機関誌『水の文化』17号
雨のゆくえ

言葉は文化 新聞で伝える沖縄文化 沖縄方言 <うちなーぐち>で表現される天水の恵み 

言葉は文化 新聞で伝える沖縄文化 沖縄方言 <うちなーぐち>で表現される天水の恵み 

言葉は文化 新聞で伝える沖縄文化 沖縄方言 <うちなーぐち>で表現される天水の恵み 

各地で方言が見直されつつあります。沖縄の方言は <うちなーぐち>と呼ばれています。新聞を作ることで<うちなーぐち>と沖縄の文化を伝えようとしている人々をご紹介します。 沖縄県那覇市の年間降水量は約2000mmで、決して少ないわけではありません。しかし、降雨時期が6月と台風期に偏るのと、島が石灰岩の上に成り立っているため雨水が溜まりにくいという事情があり、毎年水不足に悩まされています。沖縄方言のなかにある多彩な雨と水にかかわる言葉から、豊かな雨の文化を探ります。

編集部

言葉は文化

沖縄・那覇の繁華街といえば国際通りだ。ここに並ぶ土産物屋は夜11時過ぎまで店を開けている所が多い。みんなで泡盛を飲んでいい気持ちになった後、(いい土産物はないか)と探していると、店員が「冷たいもんでもいかがですか」と湯飲みに麦茶を出してくれた。(これは親切な)と思い店のレジのほうを見ると、テーブルの周りに5?6名の男女が普段着姿で楽しそうに話し込んでいる。

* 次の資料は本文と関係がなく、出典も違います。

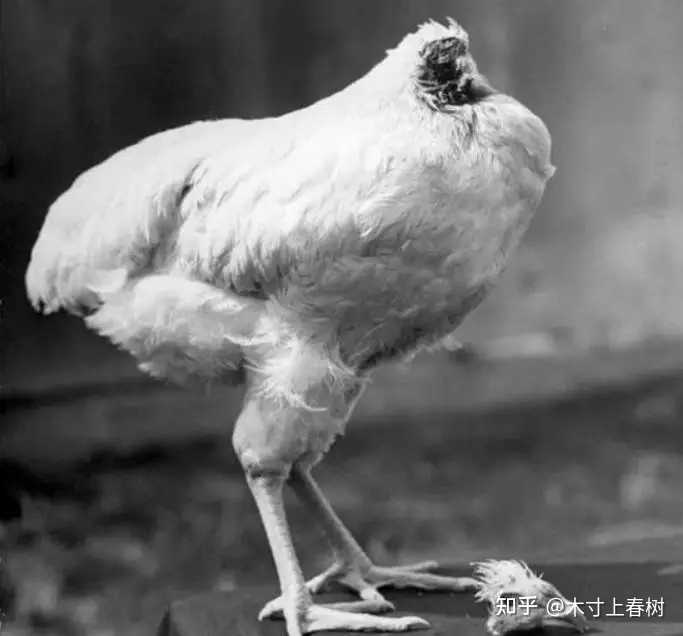 在《三体》的设定下,黑暗森林法则真是宇宙文明的唯一生存逻辑吗? - 知乎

うちなーぐちと呼ばれる沖縄方言で話しているらしく、〈ないちゃー〉(内地人のこと。本州の人のことで〈やまとぅんちゅ〉ともいう)には何を話しているのか聞き取れないが、井戸端会議らしきことはわかる。近所のような、親戚のような、友人のような、よくわからない組み合わせで、年齢も高校生らしき男子から〈おばあ〉までいる。

(これが〈ゆんたく〉か)。何人かが集まっておしゃべりすることを、うちなーぐちでは〈ゆんたく〉と言うのだ。

アジアンとアメリカンが混じる店の中で、島人〈しまんちゅ〉たちの温かさを感じることができたひとときだった。

さて、ここまでにいくつもの沖縄方言が登場した。

言葉は文化であるという。水の文化も、共通語だけではなく各地の方言でないと表現できない知恵が多様にあるに違いない。とすれば、沖縄で水の文化はどのような言葉の上に成り立っているのだろうか。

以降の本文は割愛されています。